___ DATA TO USE ___

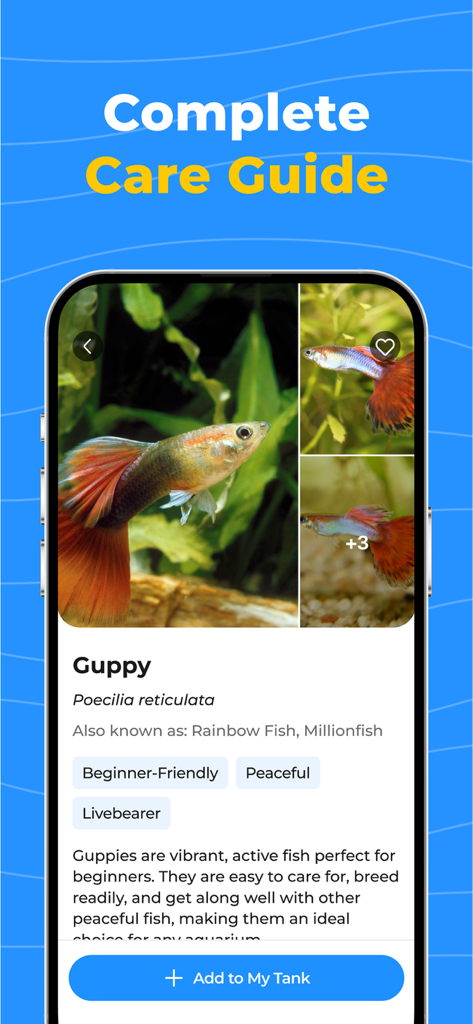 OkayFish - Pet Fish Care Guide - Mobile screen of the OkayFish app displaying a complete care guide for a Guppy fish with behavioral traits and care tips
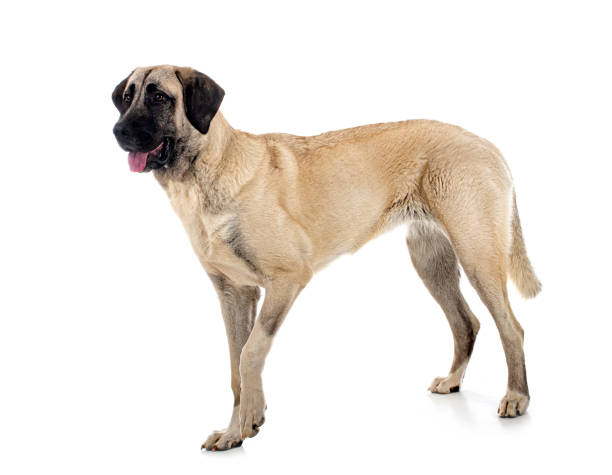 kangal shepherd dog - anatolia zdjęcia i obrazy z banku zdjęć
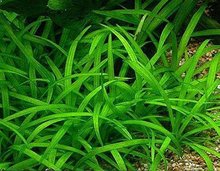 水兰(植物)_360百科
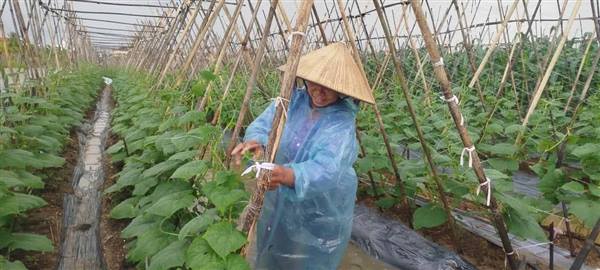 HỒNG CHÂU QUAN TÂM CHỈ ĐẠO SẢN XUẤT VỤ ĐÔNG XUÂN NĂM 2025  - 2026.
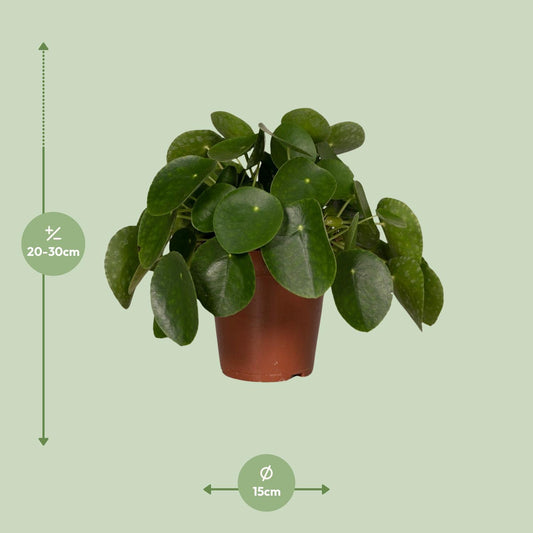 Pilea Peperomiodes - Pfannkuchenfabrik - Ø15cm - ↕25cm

___
___ DATA TO USE ___

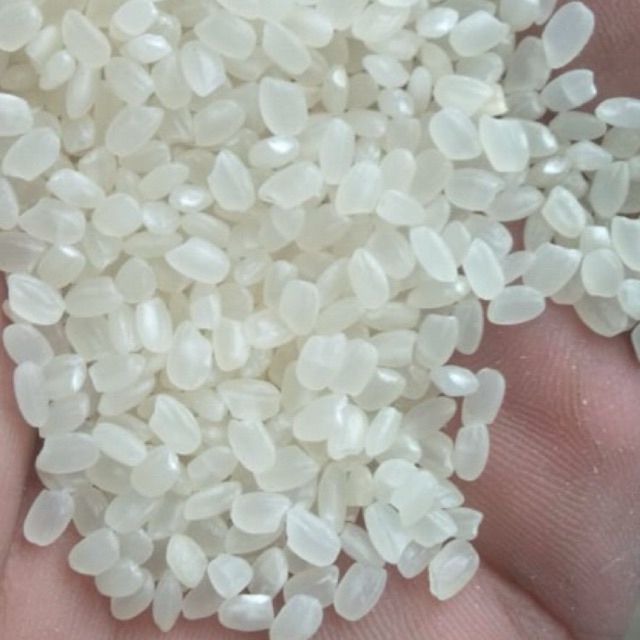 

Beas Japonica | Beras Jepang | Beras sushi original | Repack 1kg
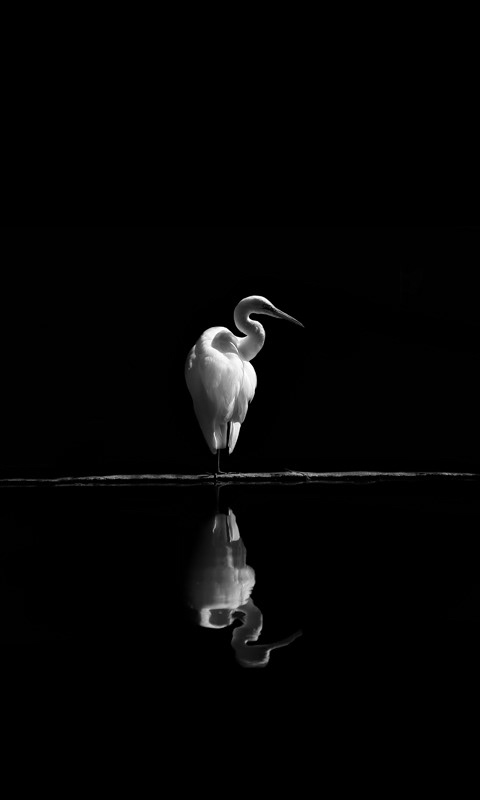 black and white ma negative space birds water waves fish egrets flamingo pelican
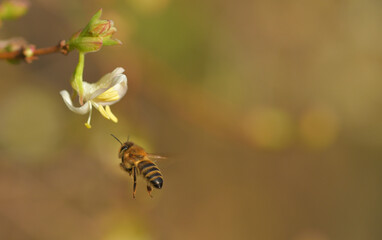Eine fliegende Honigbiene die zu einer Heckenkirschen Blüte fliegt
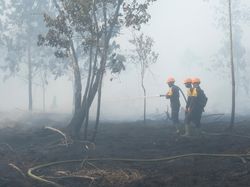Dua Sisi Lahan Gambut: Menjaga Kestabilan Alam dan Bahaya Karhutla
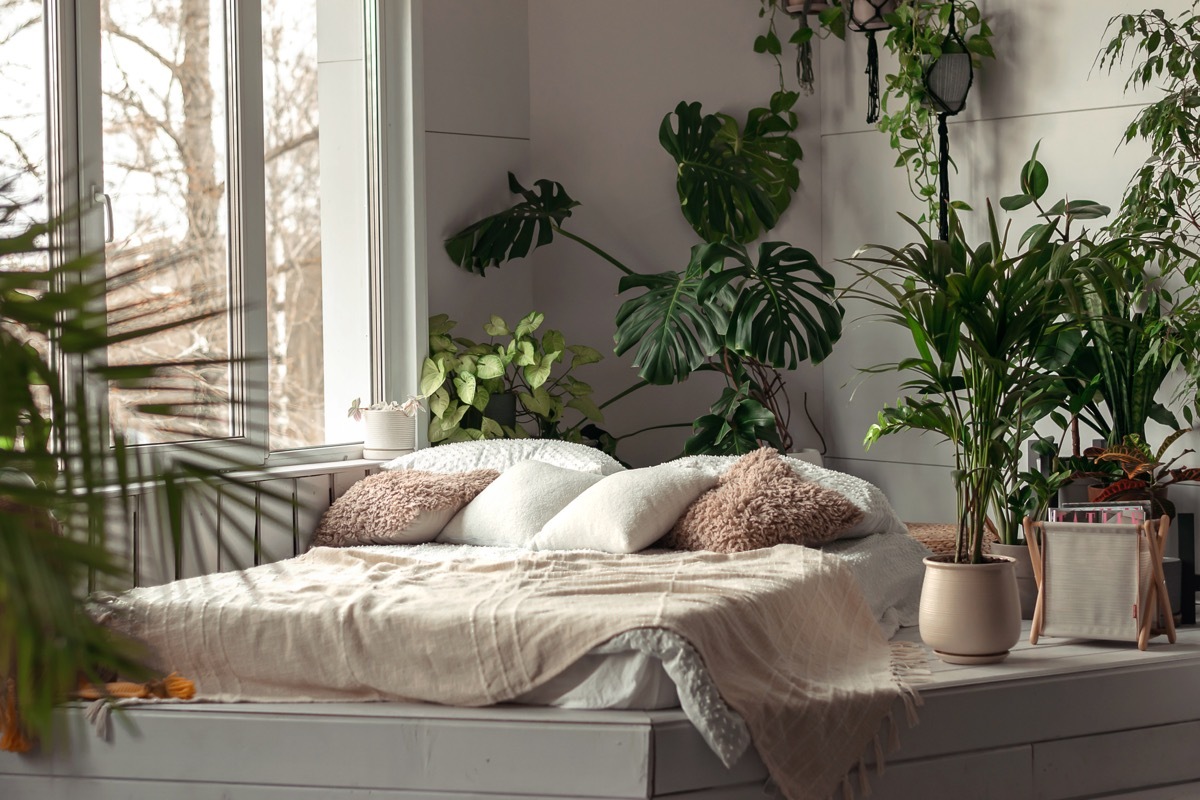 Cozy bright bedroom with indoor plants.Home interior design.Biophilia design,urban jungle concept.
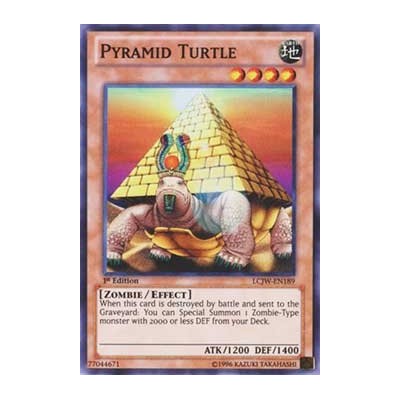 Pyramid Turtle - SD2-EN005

___

■ EXERCISE OBJECTIVE
Although the records above contain pictures, the copy must not; set down exactly the lines from the one with "Eine fliegende Honigbiene" up to and including the one with "Pyramid Turtle - SD2-EN005".

■ OUTPUT BELOW
Eine fliegende Honigbiene die zu einer Heckenkirschen Blüte fliegt
Dua Sisi Lahan Gambut: Menjaga Kestabilan Alam dan Bahaya Karhutla
 Cozy bright bedroom with indoor plants.Home interior design.Biophilia design,urban jungle concept.
 Pyramid Turtle - SD2-EN005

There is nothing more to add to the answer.